Task details → With nothing left out, give the data back exactly.

Collected material →
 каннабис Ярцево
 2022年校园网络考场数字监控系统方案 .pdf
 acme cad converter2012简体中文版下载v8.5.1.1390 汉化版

Answer to this problem →
 каннабис Ярцево
 2022年校园网络考场数字监控系统方案 .pdf
 acme cad converter2012简体中文版下载v8.5.1.1390 汉化版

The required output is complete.